The Quest for Justice: Aboriginal Peoples and Aboriginal Rights is a collection of 24 essays that discuss Aboriginal rights from the First Nations and Euro-western legal perspectives. The opening chapter contains 7 essays from Inuit, Metis and First Nations spokesmen including traditional leaders and elected politicians. The second chapter discusses Aboriginal rights from the constitutional and policy-making perspectives. Three legal experts examine the legal and judicial philosophies surrounding Aboriginal rights.
Unfinished Dreams: Community Healing and the Reality of Aboriginal Self-Government examines First Nations self-government issues relating to health care, justice and politics. Warry argues that self-government can be realized when individuals are secure in their cultural identity and can contribute to their communities. Research from the Royal Commission on Aboriginal Peoples (RCAP), case studies, and Warry's personal research among Nishnawbe communities are used to examine these critical issues facing Aboriginal communities.
Applied Anthropology in Canada: Understanding Aboriginal Issues is an impassioned call for a revitalized anthropology by University of Guelph professor of Sociology and Anthropology, Edward Hedican.

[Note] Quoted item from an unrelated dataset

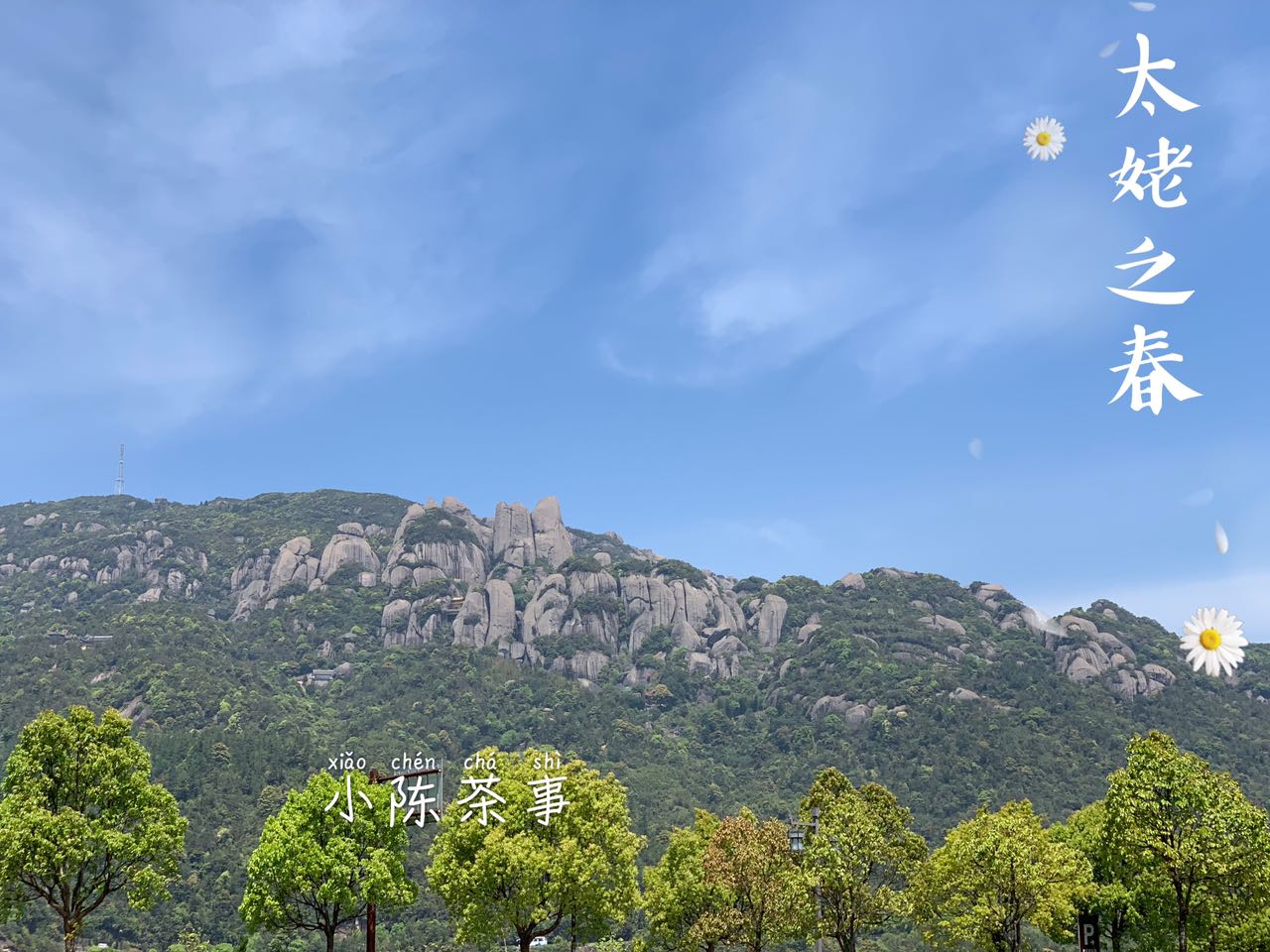 泡白茶的六种注水方式您注意过吗,白茶快速注水方法视频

In this second edition, Hedican includes commentary about the Royal Commission, Bill-C31, and most importantly the Ipperwash Inquiry of 2007. Hedican argues that anthropology must be more directly attuned to the practical problems faced by First Nations in Canada and anthropologists must be involved in land claims and public policy issues.
In Peace, Power, Righteousness: an indigenous manifesto, Mohawk scholar Taiaiake Alfred presents a strong, well-reasoned argument for First Nations communities to return to their traditional political values in order to achieve true self-determination through the power of reason. Alfred draws on the traditional teachings of The Great Law of Peace for his inspiration. He maintains that only when Aboriginal communities are grounded in their traditional values of consensus-based government will they succeed in healing the divisions.